La référence à la fille récemment née de Gibbs est un signe parmi tant d'autres qu'il se détourne de ses vieux amis et pense davantage aux femmes, passées et présentes, qui l'ont soutenu.« Chère Marie »et«Andréa»sont des notes de gratitude adressées aux ex qui l'ont nourri et subvenu à ses besoins : « M'a donné cette chatte une fois et je l'ai toujours eue comme le Wi-Fi. » Mais c'est Erica, la mère de sa femme et de sa fille, qui reçoit le plus de remerciements : c'est Erica, après tout, qui prend l'avion pour Vienne pour le voir (« Erica lui rend visite, elle ne peut pas essuyer ses larmes derrière la vitre ») et qui lui apporte lui des livres en anglais. "Elle m'a retenu, tu vois ce que je veux dire?" » Gibbs demande rhétoriquement sur la sortie de « Homesick ». « À travers toutes ces conneries, à travers toutes mes conneries, elle m’a retenu. Je l’aime pour ça. S'il regarde vers l'avenir, il le fait en tenant compte du fait que la compétition entre bousculade et famille est un jeu à somme nulle. «J'ai une liste de choses que je ne veux pas que ma fille fasse», rappe Gibbs; Pourtant, il est difficile de maintenir l'équilibre lorsque son art dépend de la récitation des éléments de cette liste. Réussir la transition du street rap au dad rap est difficile, mais il fait l'effort.

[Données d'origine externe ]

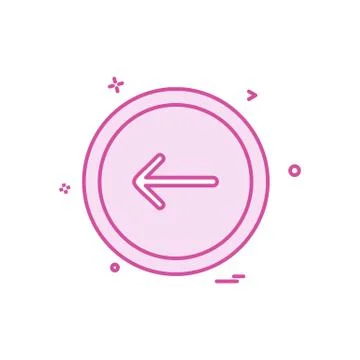 Arrow button icon design vector Stock Illustration
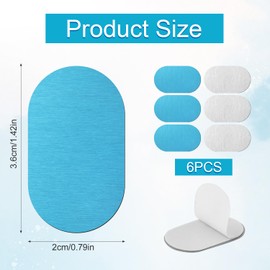 6pcs Under Cabinet Lights Magnetic Sticky, Metal Replacement Magnetic Strips with Adhesive Backing Magnet Lights Strip for Magnetic LED Lights & Under Counter Lights (Oval)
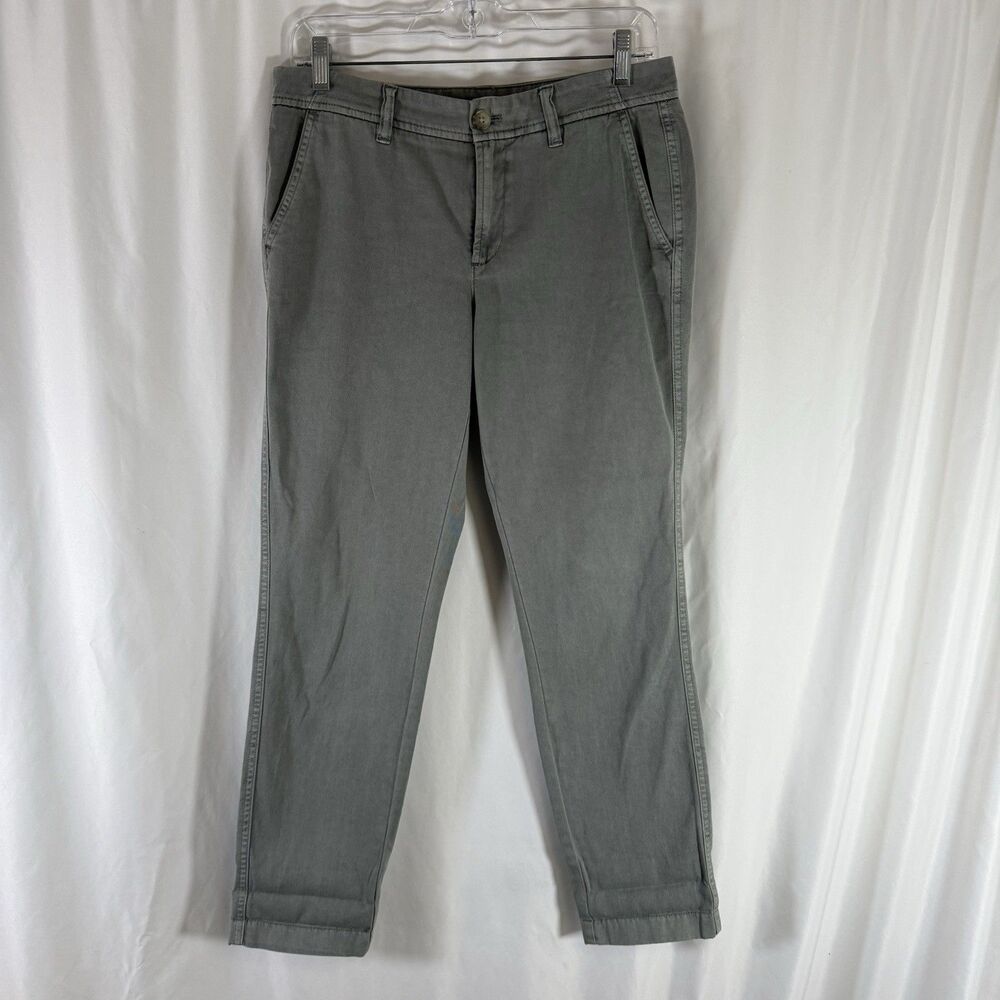 J. Crew Pants Women's 2 Mid Rise 100% Cotton Flat Front 28" Inseam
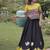 Black Roman Navaratri Lehenga Choli For Women's
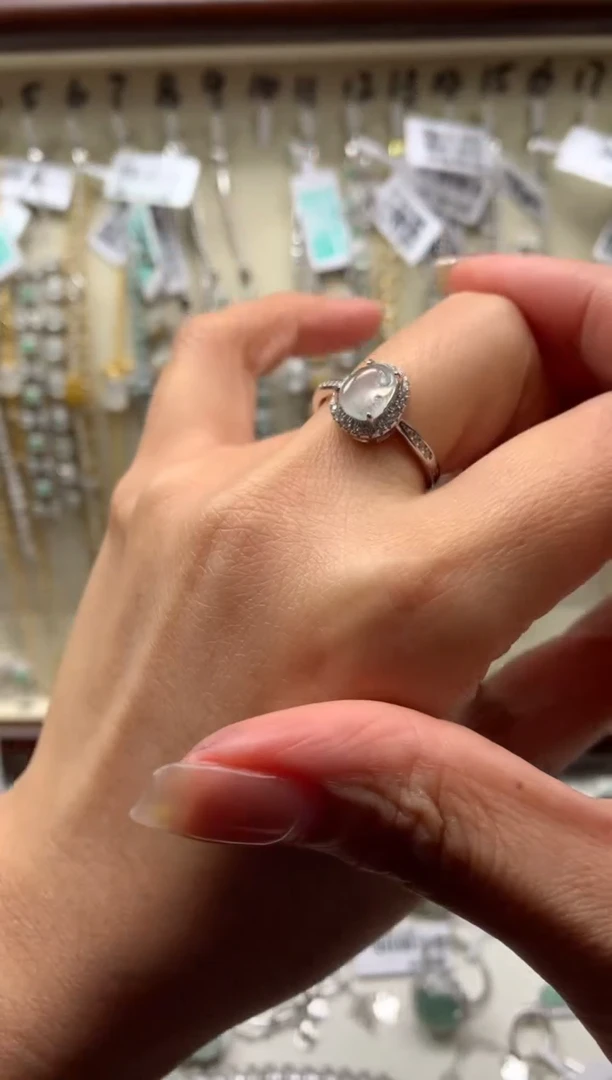 银S925镶嵌戒指翡翠26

Le thème des retrouvailles sur l’album se manifeste autant dans les rythmes que dans les paroles. Les flirts avec le chant et les refrains façon mantra sudiste présents sur le dernier (assez bon) album de GibbsL'Ombre d'un doute(2015) ont largement disparu. Il revient aux deux sons qu'il connaît le mieux : les instrumentaux old-school aux influences soul qui ont dominé sa collaboration révolutionnaire avec Madlib.Pinata(2014) et la variation de la production de trap sudiste développée par son producteur maison Speakerbomb avec des échantillons vocaux très déformés et/ou des touches de synthétiseur sur 808. («Alexis»unROUTE2produit phare produit par Kaytranada et BadBadNotGood, entre carrément dans cette dernière catégorie.)
L'album est court, mais il semble riche et vécu. Ce n'est pas toujours bon signe lorsque des rappeurs déclarent qu'ils ne vont nulle part, mais avec Gibbs, il est clair qu'il peut s'épanouir en s'appuyant sur ce qu'il connaît le mieux et en restant avec les gens qui sont restés à ses côtés, chez lui en Amérique. Les États-Unis ne sont pas le paradis, il le sait bien. Le sentiment de liberté n'est pas beaucoup moins menacé qu'en Autriche : « Donald Trump va nous enchaîner et nous rendre esclaves », marmonne-t-il.« Verre écrasé. »Mais sa famille est ici et il parle couramment la langue, et ça fait toute la différence.